Данел стал лихорадочно соображать: назвать большую сумму — зятю придется не по карману; назвать маленькую — прохода не будет от насмешников, скажут, избавился Данел от никудышней дочери.

— Пятьсот рублей, — наконец выдавил из себя и орлом оглядел членов хуторского кворума.

Шепот удивления, словно порыв ветра по макушкам деревьев, прошелестел над нихасом. Еще бы! Так много просят только за княжну, но не за простую деревенскую девку. И двухсот хватило бы за глаза этому нищему гордецу Данелу.

— И сапожник дает тебе такие деньги? — не сдержал удивления Михел.

— Половину уже отдал, — уверенно соврал Данел. — Вот бочонок вина в Моздоке купил, сказал, пусть выпьют почтенные жители нашего хутора себе на здоровье.

При этом известии весь нихас одобрительно зашумел. Хороший парень этот русский. Пускай женится на осетинке, не обедняет хутор: вон сколько их, таких длинноволосых красавиц, сидит в каждой сакле — больше, чем нужно.

— Пусть старейший скажет свое слово! — выкрикнули из толпы, решив не оттягивать начало даровой выпивки. — Как Осман Фидаров скажет, так и будет. Говори, дада!

Седой Осман оперся на костыль, обвел односельчан выцветшими глазами.

— И черную, и белую овцу подвешивают к перекладине за заднюю ногу, — сказал старый мудрец, — Все равны перед богом: и осетины, и русские, Пусть будет так, как бог хочет.

— Почтенные! Вы нарушаете адаты, выдавая осетинку за русского! — выкрикнул Мырзаг Хабалов.

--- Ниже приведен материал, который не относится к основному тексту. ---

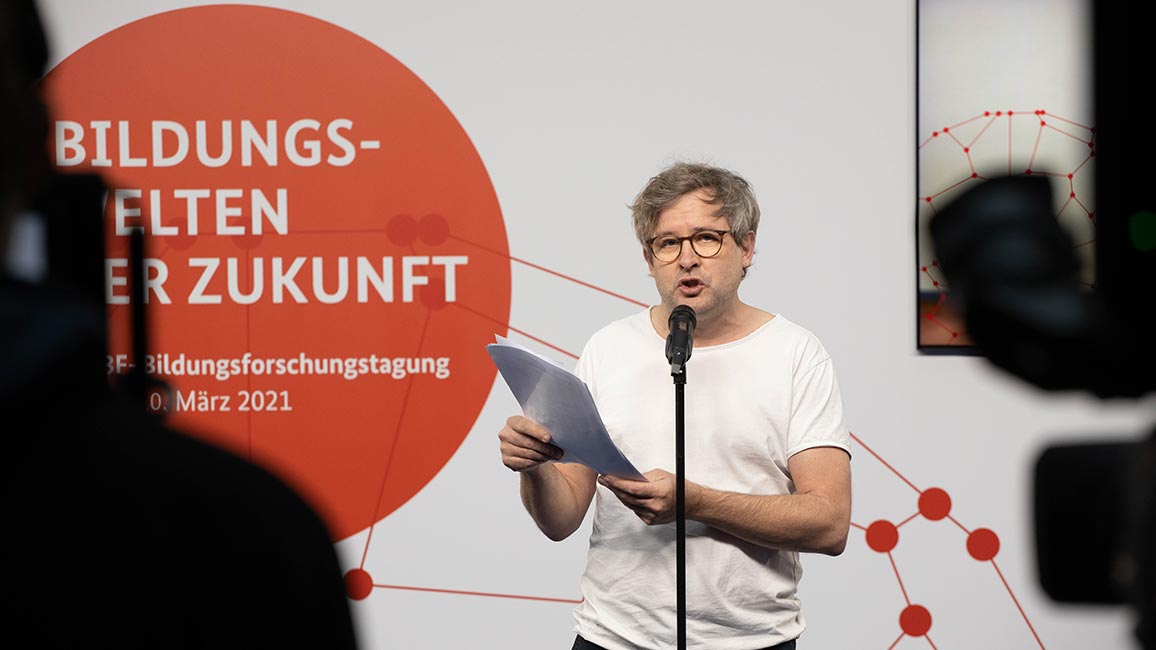 Poetry-Slammer Nicolas Schmidt eröffnet die Tagung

— Русский одной с нами веры, и наши народы с незапамятных времен живут в согласии и дружбе, — ответил на реплику старейший. — И не тебе бы, Мырзаг, затевать этот разговор, ибо не у тебя ли у самого жена мусульманка?

Донесшийся из сквера многоголосый говор вернул Степана из прошлого в настоящее. Он остановился, заглянул через железную ограду. Между деревьями на аллее толпились горожане, крайне чем–то заинтересованные. Степан прислушался.

«Существующий строй пора отправить на кладбище истории» — говорил один из них спокойным и даже торжественным голосом, а все остальные удивленно охали и сопровождали его речь комментариями.

— Это царя, стал быть, предлагает того... к ядреной бабушке, — пояснил один.

— Наших бы брюханов тожить отправить на Ильинское кладбище, кол им осиновый в спину, живоглотам, — предлагал другой.

— Помене бы зубами ляскал, дуролом, а то вон Змеющенко сюда ширкопытит, он тебе загонит энтот кол куда не следовает, — предупредил третий.

«Листовку читают», — догадался Степан. Он хорошо помнил ее содержание, ибо точно такую же переправил недавно в Гашун.